You should see exactly:

('Ana Duarte', 100.49, 1)
('Chen Wei', 67.0, 2)
('Bilal Khan', 42.0, 3)
('Dara Okoro', 40.0, 4)

The CTE first aggregates revenue per customer; the outer query then ranks those rows without collapsing them. Ana is rank 1 with 100.49. Elena is absent — with no completed orders she has no revenue row to rank.

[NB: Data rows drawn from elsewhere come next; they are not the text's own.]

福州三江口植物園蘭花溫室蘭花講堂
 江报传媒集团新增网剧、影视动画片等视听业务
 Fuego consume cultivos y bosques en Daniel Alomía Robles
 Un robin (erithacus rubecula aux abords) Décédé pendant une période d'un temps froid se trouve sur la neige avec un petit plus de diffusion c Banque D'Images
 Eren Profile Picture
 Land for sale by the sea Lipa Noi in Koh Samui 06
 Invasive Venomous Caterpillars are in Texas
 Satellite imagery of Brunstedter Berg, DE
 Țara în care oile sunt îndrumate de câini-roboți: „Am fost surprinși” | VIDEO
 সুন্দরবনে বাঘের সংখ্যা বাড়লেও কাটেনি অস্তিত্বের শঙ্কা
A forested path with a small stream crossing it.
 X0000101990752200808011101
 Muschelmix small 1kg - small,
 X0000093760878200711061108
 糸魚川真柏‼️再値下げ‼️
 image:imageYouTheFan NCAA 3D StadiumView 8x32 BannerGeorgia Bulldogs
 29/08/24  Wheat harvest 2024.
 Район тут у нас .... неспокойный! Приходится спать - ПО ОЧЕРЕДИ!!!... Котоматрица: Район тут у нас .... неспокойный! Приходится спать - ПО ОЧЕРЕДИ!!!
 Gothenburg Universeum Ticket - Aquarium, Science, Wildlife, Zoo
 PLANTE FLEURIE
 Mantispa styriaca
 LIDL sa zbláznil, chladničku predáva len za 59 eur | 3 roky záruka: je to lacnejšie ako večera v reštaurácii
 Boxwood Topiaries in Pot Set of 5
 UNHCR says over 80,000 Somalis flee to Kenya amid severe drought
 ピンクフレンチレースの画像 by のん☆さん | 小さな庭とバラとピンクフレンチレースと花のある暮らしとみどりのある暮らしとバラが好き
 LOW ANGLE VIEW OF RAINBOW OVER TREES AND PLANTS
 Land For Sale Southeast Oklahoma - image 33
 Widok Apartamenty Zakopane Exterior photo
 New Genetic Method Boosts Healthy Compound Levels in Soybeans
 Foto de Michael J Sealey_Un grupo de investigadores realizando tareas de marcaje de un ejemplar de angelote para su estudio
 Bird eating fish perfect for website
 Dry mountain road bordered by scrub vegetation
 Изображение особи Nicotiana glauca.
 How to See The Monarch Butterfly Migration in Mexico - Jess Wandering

If Ana shows a value other than 100.49, revisit Step 3's completed-orders filter, which this query reuses.

Step 5 — Read the plan and add an index

Goal: read how the engine plans a per-customer order lookup, then add an index and confirm the plan changes from a scan to a search.

Save this as explain_query.py:

"""Step 5: read the plan for a per-customer lookup, then add an index."""
import sqlite3

con = sqlite3.connect("shop.db")
query = "SELECT order_id, order_date FROM orders WHERE customer_id = 1"

print("BEFORE index:")
for row in con.execute("EXPLAIN QUERY PLAN " + query):
print(" ", row[-1])

con.execute(
"CREATE INDEX IF NOT EXISTS idx_orders_customer ON orders(customer_id)"
)

print("AFTER index:")
for row in con.execute("EXPLAIN QUERY PLAN " + query):
print(" ", row[-1])
con.commit()
con.close()

Checkpoint: run it.

python3 explain_query.py

You should see exactly:

BEFORE index:
SCAN orders
AFTER index:
SEARCH orders USING INDEX idx_orders_customer (customer_id=?)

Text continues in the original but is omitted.